How to center labels in histogram plot

Question:

I have a numpy array results that looks like

[ 0.  2.  0.  0.  0.  0.  3.  0.  0.  0.  0.  0.  0.  0.  0.  2.  0.  0.
  0.  0.  0.  1.  0.  0.  0.  0.  0.  0.  0.  1.  0.  0.  0.  0.  0.  0.
  0.  1.  1.  0.  0.  0.  0.  2.  0.  3.  1.  0.  0.  2.  2.  0.  0.  0.
  0.  0.  0.  0.  0.  1.  1.  0.  0.  0.  0.  0.  0.  2.  0.  0.  0.  0.
  0.  1.  0.  0.  0.  0.  0.  0.  0.  0.  0.  3.  1.  0.  0.  0.  0.  0.
  0.  0.  0.  1.  0.  0.  0.  1.  2.  2.]

I would like to plot a histogram of it. I have tried

import matplotlib.pyplot as plt
plt.hist(results, bins=range(5))
plt.show()

This gives me a histogram with the x-axis labelled 0.0 0.5 1.0 1.5 2.0 2.5 3.0. 3.5 4.0.

I would like the x-axis to be labelled 0 1 2 3 instead with the labels in the center of each bar.
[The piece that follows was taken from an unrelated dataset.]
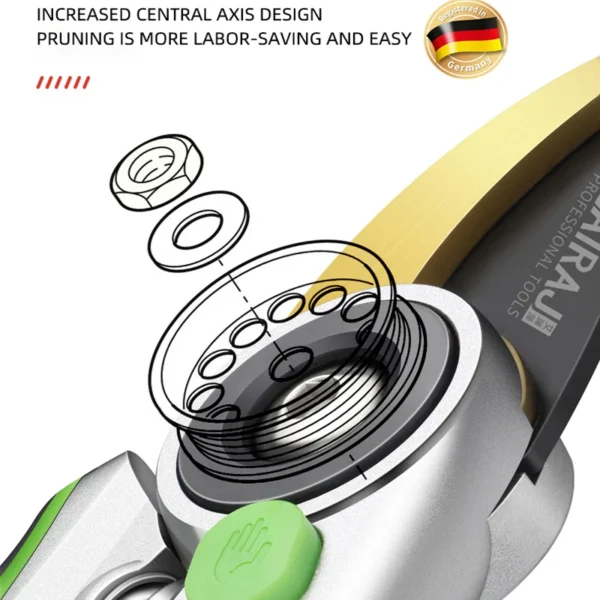 AIRAJ Pruning Shear Garden Tools Labor Saving Scissors Gardening Plant Sharp Branch Pruners Protection Hand Durable - AliExpress - Image 5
How can you do that?

Asked By: graffe

||

Answers:

you can build a bar plot out of a np.histogram.

Consider this

his = np.histogram(a,bins=range(5))
fig, ax = plt.subplots()
offset = .4
plt.bar(his[1][1:],his[0])
ax.set_xticks(his[1][1:] + offset)
ax.set_xticklabels( ('1', '2', '3', '4') )

enter image description here

EDIT: in order to get the bars touching one another, one has to play with the width parameter.

 fig, ax = plt.subplots()
 offset = .5
 plt.bar(his[1][1:],his[0],width=1)
 ax.set_xticks(his[1][1:] + offset)
 ax.set_xticklabels( ('1', '2', '3', '4') )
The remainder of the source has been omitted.